## [EXERCISE GOAL]
Your task is to give the entries back exactly, leaving nothing out.
....
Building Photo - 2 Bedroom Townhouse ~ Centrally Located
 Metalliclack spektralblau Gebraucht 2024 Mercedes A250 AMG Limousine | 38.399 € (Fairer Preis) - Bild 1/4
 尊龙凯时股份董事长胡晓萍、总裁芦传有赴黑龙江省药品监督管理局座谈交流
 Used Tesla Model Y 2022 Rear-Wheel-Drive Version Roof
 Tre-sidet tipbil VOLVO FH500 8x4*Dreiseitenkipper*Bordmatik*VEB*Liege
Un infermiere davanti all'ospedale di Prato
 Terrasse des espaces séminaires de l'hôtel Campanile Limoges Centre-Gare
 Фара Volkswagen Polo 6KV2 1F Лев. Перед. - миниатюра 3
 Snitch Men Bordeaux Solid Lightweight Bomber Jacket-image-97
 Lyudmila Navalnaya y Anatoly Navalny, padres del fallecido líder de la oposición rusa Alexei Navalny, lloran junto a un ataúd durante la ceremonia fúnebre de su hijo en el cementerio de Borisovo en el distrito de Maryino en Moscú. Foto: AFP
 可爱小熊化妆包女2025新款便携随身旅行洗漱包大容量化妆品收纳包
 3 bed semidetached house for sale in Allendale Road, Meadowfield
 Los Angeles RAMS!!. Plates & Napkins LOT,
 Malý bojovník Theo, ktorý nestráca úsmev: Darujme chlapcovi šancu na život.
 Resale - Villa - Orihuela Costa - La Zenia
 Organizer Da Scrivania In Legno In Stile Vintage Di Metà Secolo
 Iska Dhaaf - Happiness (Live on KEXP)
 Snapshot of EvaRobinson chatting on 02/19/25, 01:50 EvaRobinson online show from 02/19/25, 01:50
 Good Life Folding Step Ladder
....
## [EXPECTED OUTPUT]
Building Photo - 2 Bedroom Townhouse ~ Centrally Located
 Metalliclack spektralblau Gebraucht 2024 Mercedes A250 AMG Limousine | 38.399 € (Fairer Preis) - Bild 1/4
 尊龙凯时股份董事长胡晓萍、总裁芦传有赴黑龙江省药品监督管理局座谈交流
 Used Tesla Model Y 2022 Rear-Wheel-Drive Version Roof
 Tre-sidet tipbil VOLVO FH500 8x4*Dreiseitenkipper*Bordmatik*VEB*Liege
Un infermiere davanti all'ospedale di Prato
 Terrasse des espaces séminaires de l'hôtel Campanile Limoges Centre-Gare
 Фара Volkswagen Polo 6KV2 1F Лев. Перед. - миниатюра 3
 Snitch Men Bordeaux Solid Lightweight Bomber Jacket-image-97
 Lyudmila Navalnaya y Anatoly Navalny, padres del fallecido líder de la oposición rusa Alexei Navalny, lloran junto a un ataúd durante la ceremonia fúnebre de su hijo en el cementerio de Borisovo en el distrito de Maryino en Moscú. Foto: AFP
 可爱小熊化妆包女2025新款便携随身旅行洗漱包大容量化妆品收纳包
 3 bed semidetached house for sale in Allendale Road, Meadowfield
 Los Angeles RAMS!!. Plates & Napkins LOT,
 Malý bojovník Theo, ktorý nestráca úsmev: Darujme chlapcovi šancu na život.
 Resale - Villa - Orihuela Costa - La Zenia
 Organizer Da Scrivania In Legno In Stile Vintage Di Metà Secolo
 Iska Dhaaf - Happiness (Live on KEXP)
 Snapshot of EvaRobinson chatting on 02/19/25, 01:50 EvaRobinson online show from 02/19/25, 01:50
 Good Life Folding Step Ladder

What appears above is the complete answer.